I realize it may be a basic question (to the point I’m almost ashamed of asking it) but what is the point of using VRF?
I understand what it does I think. It allows for creating multiple virtual routers in a sense that routing decisions are separated into distinct segments, giving me multiple routing tables. This can be used to separate devices into discrete non-conflicting domains. By default the traffic cannot cross between these domains, unlike VLANs.
However, I’m struggling to see the benefit of VRF over VLAN+firewall. VLANs give me an easy way of separating the traffic of different kind (e.g. IPTV and normal) with rules in place to prohibit routing between different subnets. How is VRF different in that respect?
The only thing I found so far is that VRF allows for operation of networks where there are logically separated networks which have conflicting subnets (e.g. merge of two companies).
First of all, VRF’s are very often used for providing customers with MPLS L3 VPN’s. This allows an ISP to give a customer a managed service whereby they handle the routing between the customer’s individual locations and their internal networks. Most such customers have the same internal private network as some other customer (ex. two completely different customers using 192.168.1.0/24 internally), which would break this entire setup if you relied on traditional routing. Fortunately, with VRF’s, the subnet need not be unique globally - only unique within the VRF. So you could have one customer with 192.168.1.0/24 and another customer with the exact same subnet, and route them differently for the two customers so you never have to worry about issues.

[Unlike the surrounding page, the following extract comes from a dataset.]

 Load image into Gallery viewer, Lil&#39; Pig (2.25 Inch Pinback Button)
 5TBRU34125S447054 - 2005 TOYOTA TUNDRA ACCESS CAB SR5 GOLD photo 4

We do not deliver MPLS L3 VPN’s at the moment, but are interested in VRF’s in ROS 7 particularly as a potential better way of separating out management vs. customer traffic. We have approximately 140 routers in the field all of which have the same 50 firewall rules. Every time we make a firewall rule change we have to deploy it to all 140 routers. Keeping everything in sync doesn’t always work and we have some drift and issues as a result. If we split things into different VRF’s (one for management, one for customers) we could potentially keep customer traffic and management traffic separated on a series of routers going all the way back to our core, so that we wouldn’t need a firewall at all on those 140 routers and yet still keep them secure. I still have to work out the details as to whether this will be possible in RouterOS v7 (it does not seem to be in ROS 6), but it is something I am interested in doing for our network.
Thanks, but this description is too simplistic, even those who have more than one WAN and don’t use VRF can have more than one routing table inside the router…
And have certain interfaces and/or VLAN’s “bound” exclusivly to this routing-domain.
By default there is strict separation between these routing-domains, only by “leaking” routes between the VRF you can have some “inter-VRF” routing.